(Supplied information)
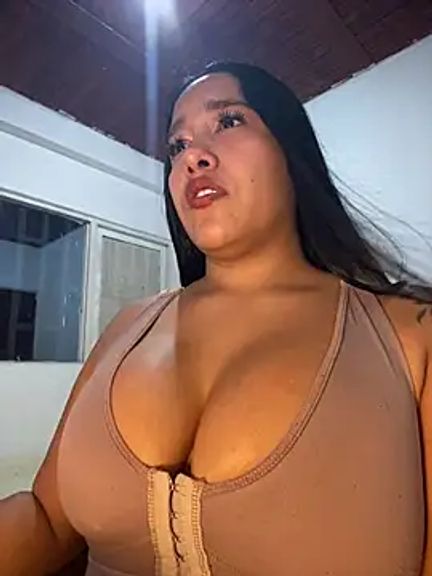 mis-violetha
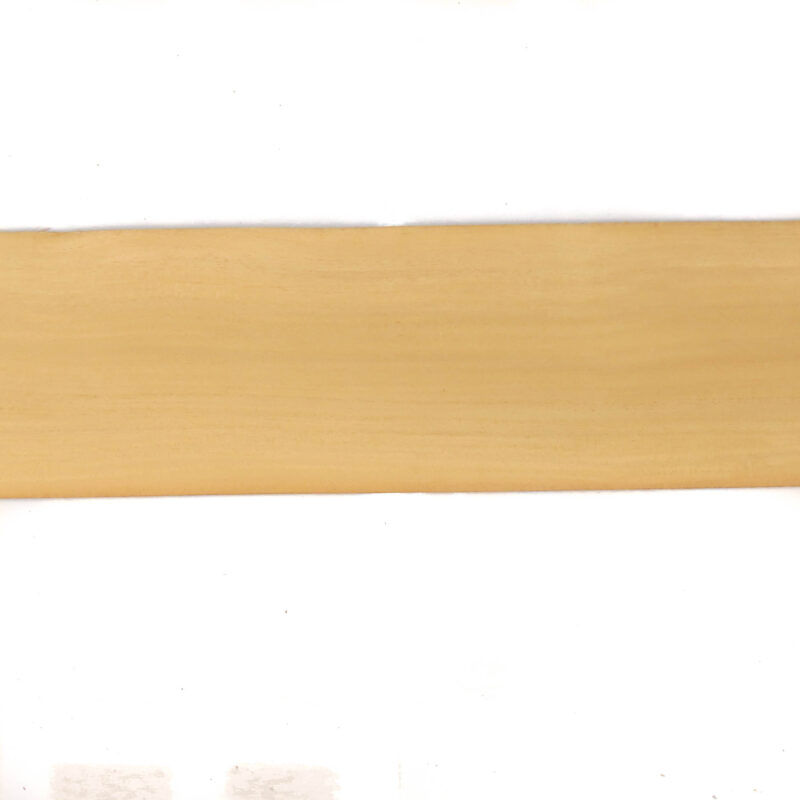 638669282948714359.jpg 638669282948714359.jpg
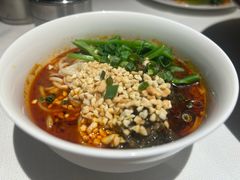 -贡宴盐帮菜自贡驻京联络处餐厅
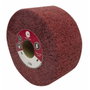 Roue en fibre de noyau Calflex 19k 50 mm 110 mm 100-120 g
(End Supplied information)
- **Exercise brief**:
Pictures aside, transcribe exactly the lines from the line containing "638669282948714359.jpg 638669282948714359.jpg" through the final line of the material above.

- **Answer**:
 638669282948714359.jpg 638669282948714359.jpg
 -贡宴盐帮菜自贡驻京联络处餐厅
 Roue en fibre de noyau Calflex 19k 50 mm 110 mm 100-120 g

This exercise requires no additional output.